Talk to the user Blue Cray. He has big tanks. He's a "monster fish keeper" so he probably wouldn't like any of the choices for fish you listed, but he can give you advice about equipment at least.


----------



## mhansmann88 (Jun 28, 2010)

hXcChic22 said:


> Talk to the user Blue Cray. He has big tanks. He's a "monster fish keeper" so he probably wouldn't like any of the choices for fish you listed, but he can give you advice about equipment at least.

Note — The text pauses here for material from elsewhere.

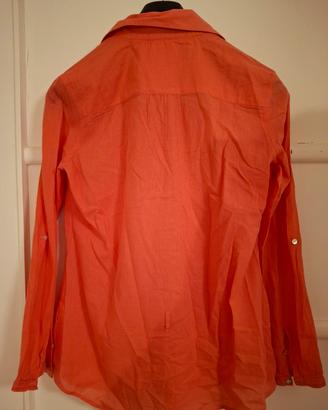 Camicia in cotone rigato, maniche lunghe.
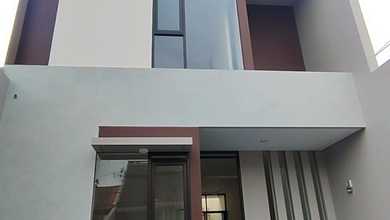 Rumah Modern Luas 114 Jual di Taman Kopo Indah, Bandung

Haha ok thanks ill be sure to look him up... I know that none of the choices i listed are true "monsters" but i also believe that true monsters need more space than even a 210 ie red tailed cats and even some arrowanas get to big for the tank so i listed large fish that would be able to comfortably turn around and move in the tank


----------



## Ghost Knife (Mar 12, 2008)

Instead of Balas get about 5-7 Red-Tinfoil Barbs. After that I'd go with about 15 Silver Dollars and about 20 Australian Rainbows. That should take care of your middle and top areas. For bottom feeders I'd go with a Featherfin Cat, a Striped Raphael Cat, and a shoal of about 10 Emerald Corydoras. Pick out a pleco or two for algae and you're set.


----------



## conradd (Jun 21, 2010)

Hey, I am also undergoing my first monster tank. I am setting up a 200 Gallon and have very little experience with tanks over 90 Gallons. The tank its self is free so that means I am gonna be spending heck of a lot more money on filtration. 
Here is what I plan on filtration wiseenn Plax Cascade 1500 Canister Filter or maybe Eheim Pro 3 2080 Canister Filter,depending on how cheap I can get them, 2 or 3 Marineland Emperor Bio-Wheel 400 Power Filter and I think I Will be set for a little while. but will probably wine up upgrading. As for Heating I won't really be needing much because we keep our house at a constant 75 or so so I think a little Marineland Visi-Therm Submersible Heater - 300 will do the trick.


----------



## Corwin (May 23, 2010)

aww im the only one who chose community tank..


----------



## hXcChic22 (Dec 26, 2009)

I think even as much as I love tropical communities, a 210 would not be the tank to put them in. I might do a smaller fish community in up to 75 gallons, but above that I'd want some bigger fish.


----------



## conradd (Jun 21, 2010)

I would go big. Every time I set up a tank I always think how much better things would look if every thing was just a few inches bigger, so hopefully this 200g ends my craving, any more tanks in my house and I am gonna need an addition put in. Maybe if I won the lottery....:fun:


----------